By Khaled Ahmad
India and Pakistan are finally moving to treating each other normally after a period of baring their ugly narratives.
Prime Minister Nawaz Sharif, rightwing-religious all his life, sought “tactical contrast” with Prime Minister Narendra Modi when he went to Karachi on Diwali on November 11, to be among the Hindus he hadn’t given much thought to before.
What he said there was heart-warming and unusual, coming from a Muslim. He said: “Every community living here, whether Hindu, Muslim or Parsi, everyone belongs to me and I belong to them. I am prime minister of all communities.” If you don’t believe he said this, get a load of this: “If you are in distress, I will stand by you. Even if a Muslim commits an injustice, I will stand with the victim.” He “apostatised” himself further in the eyes of the orthodoxy when he asked the Hindus to throw colour at him during Holi.
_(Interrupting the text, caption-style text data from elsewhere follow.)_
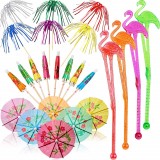 Set 90 decoratiuni pentru petrecere Patelai, plastic/hartie/folie, multicolor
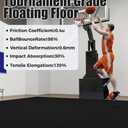jxgzyy Basketball Court Tiles, Thick Portable Sport Outdoor Floor Tiles, Non Slip PP Interlocking Drainage Mat for Tennis Court Drain Pool Patio Porch, 12x12 Inch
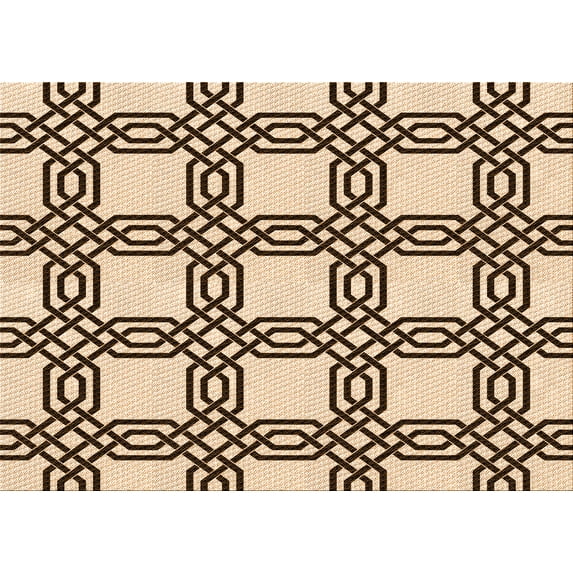 Ahgly Company Indoor Rectangle Patterned Golden Blonde Gold Area Rugs, 2' x 3'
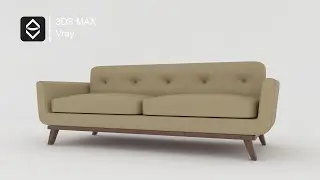 3Ds max vray Sofa Modeling Tutorial in Hindi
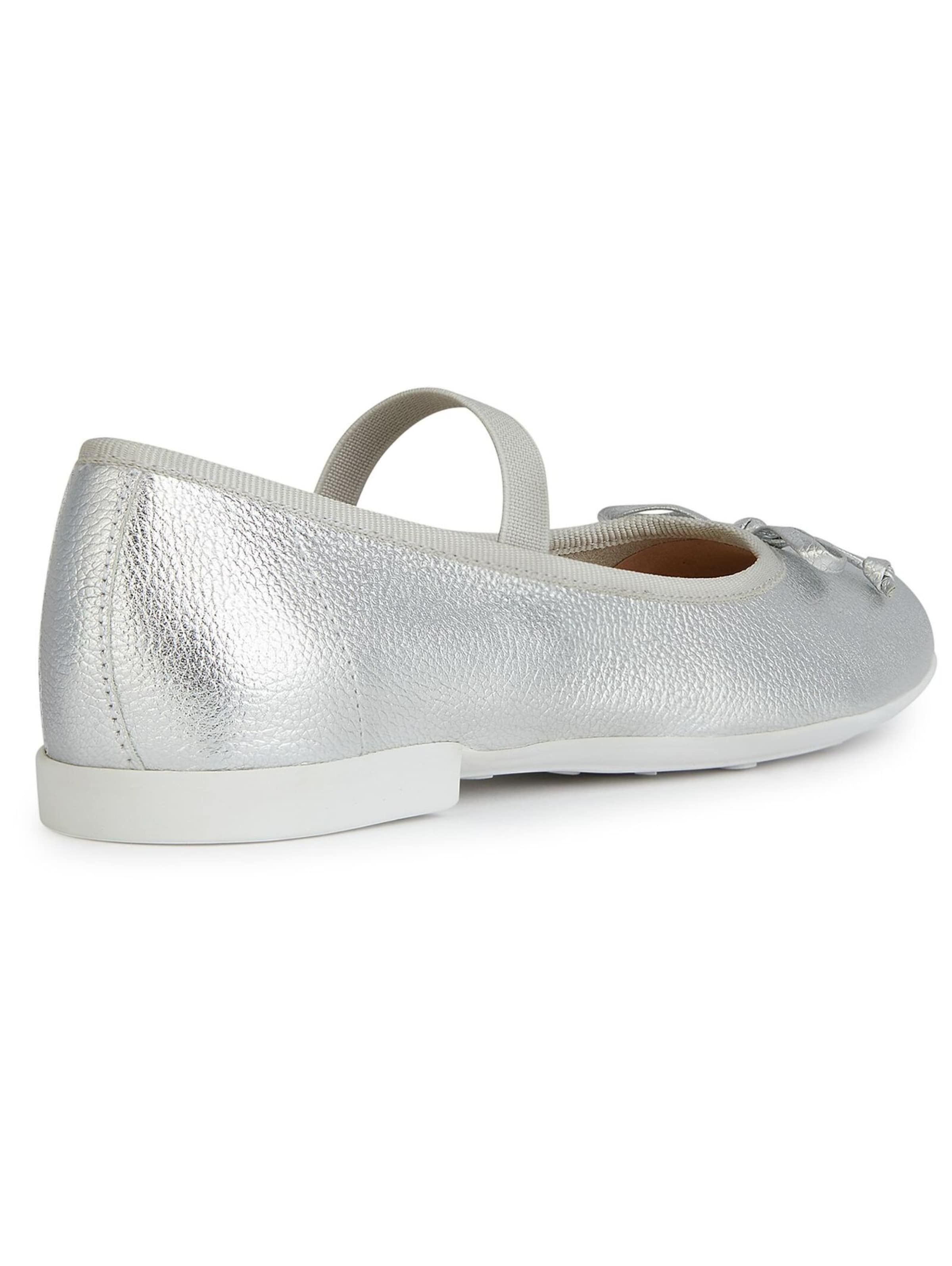 GEOX Ballet Flats in Silver
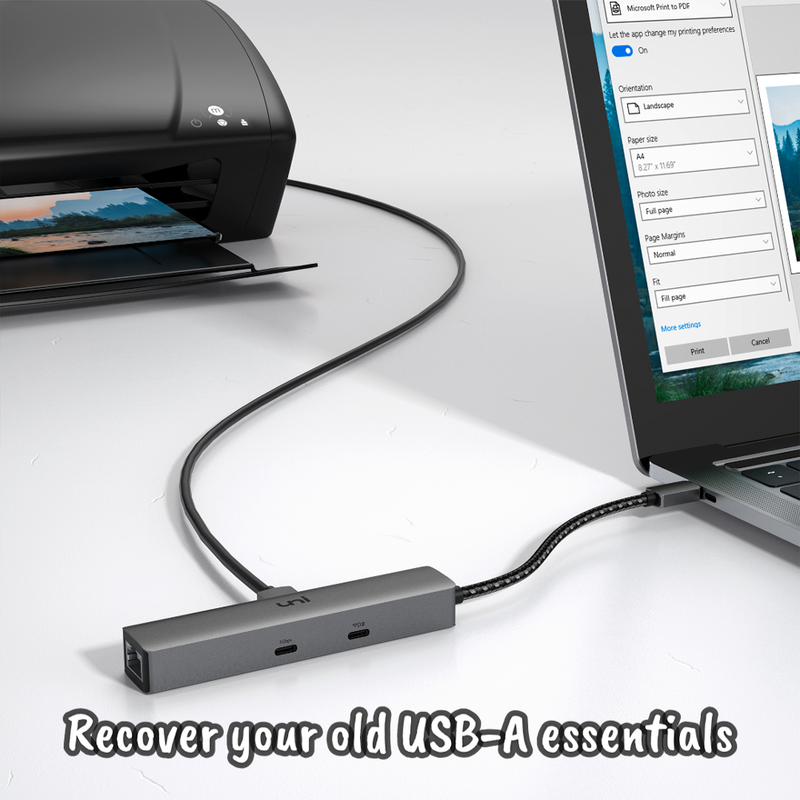 USB-C ハブ (6 in 1) | PD | 夢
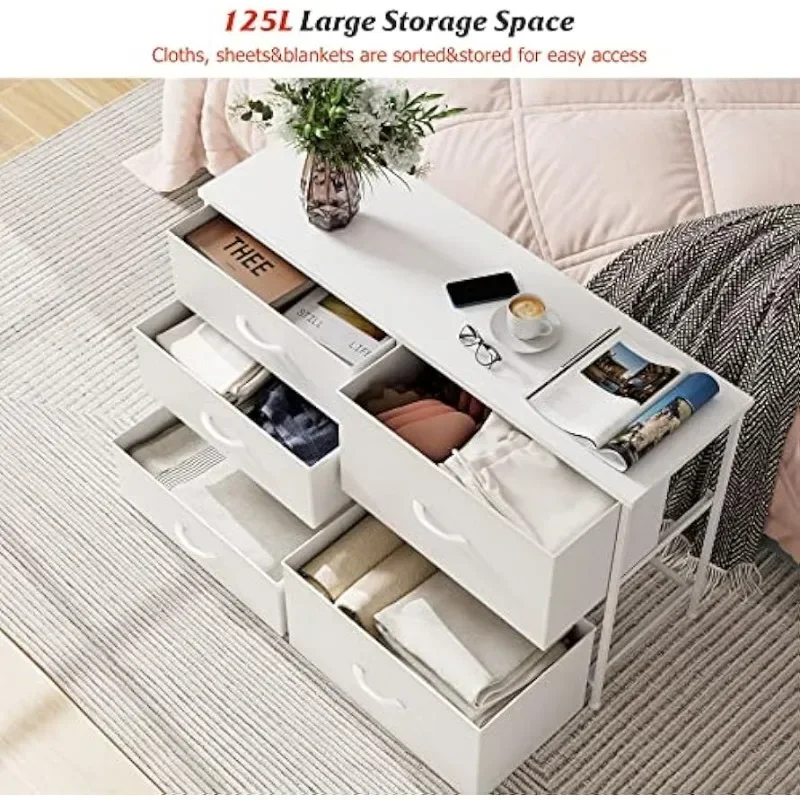White Dresser for Bedroom with - Baby Nursery Chest Of Drawers recension och pris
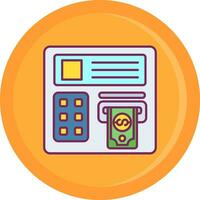 Atm machine Line Filled Icon vector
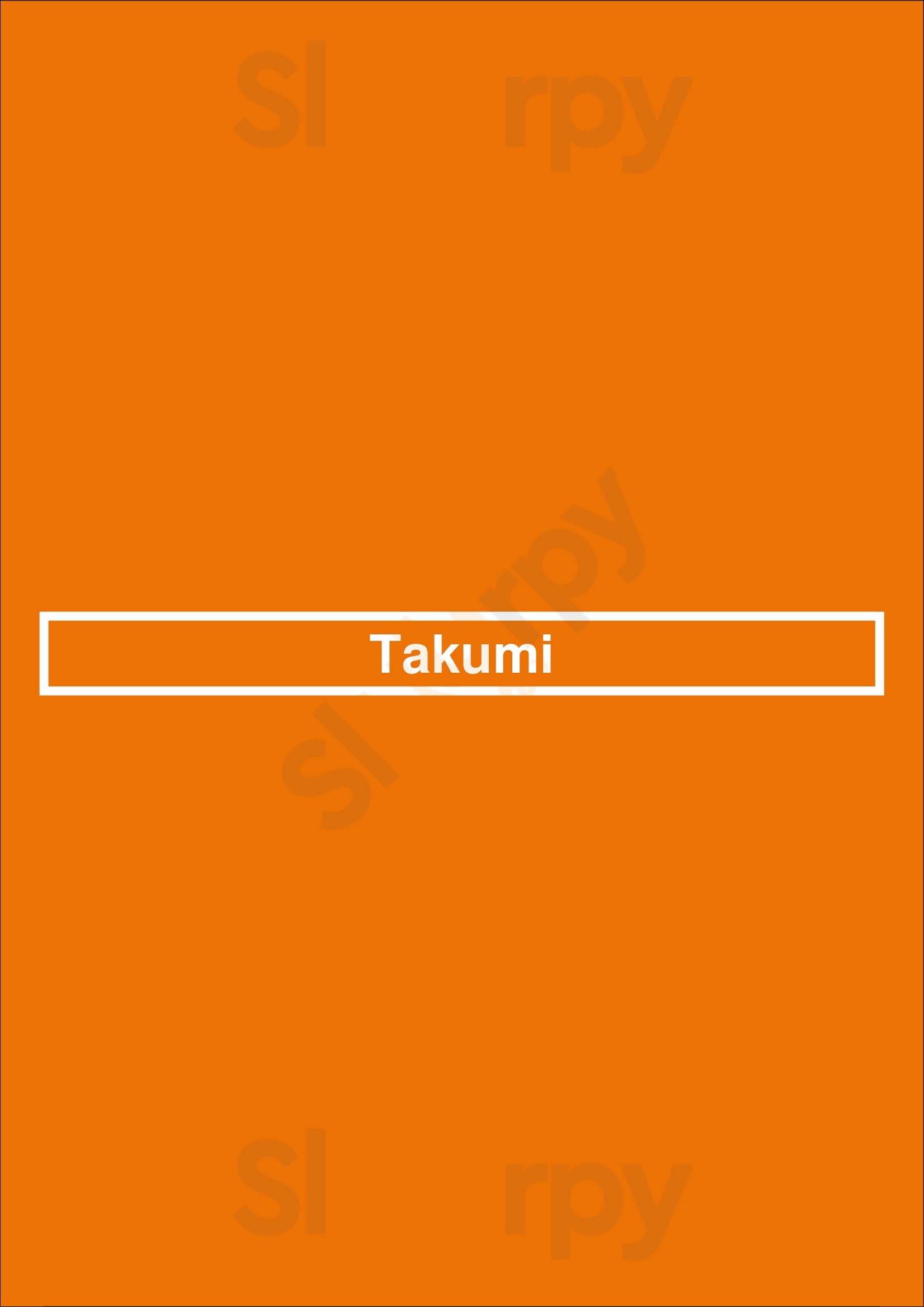 Takumi Wilmington Menu - 1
Believe me, he said Diwali “celebrates humanity’s struggle against forces of evil” and announced the construction of Bhagat Kunwar Medical Complex in Hyderabad.
In reply, local leader, Sham Sundrani, said that all people living in Pakistan were like a bouquet and minority communities were also a part of the country. He declared: “Nawaz Sharif is the first prime minister who has joined the Hindu community in the celebration of Diwali.”
Within the fortnight, on November 21, the ugly narrative hit back, punching hard the solar plexus of the country, Islamabad, where religious seminaries are straining at the leash to join the Islamic State. The Milli Yakjehti Council (National Unity Council), an umbrella organisation of religious parties, denounced what they called the newfound “liberalism” of the PM sworn to serve Islam, not Hindus. They swore they would launch a “million march” — another word for vandalism — to “protect the Islamic ideology of Pakistan”. The leaders of the faith vowed “to resist all efforts to make Pakistan a secular country” and denounced “the statement made by the prime minister on November 11 to celebrate the Hindu festival of Diwali”.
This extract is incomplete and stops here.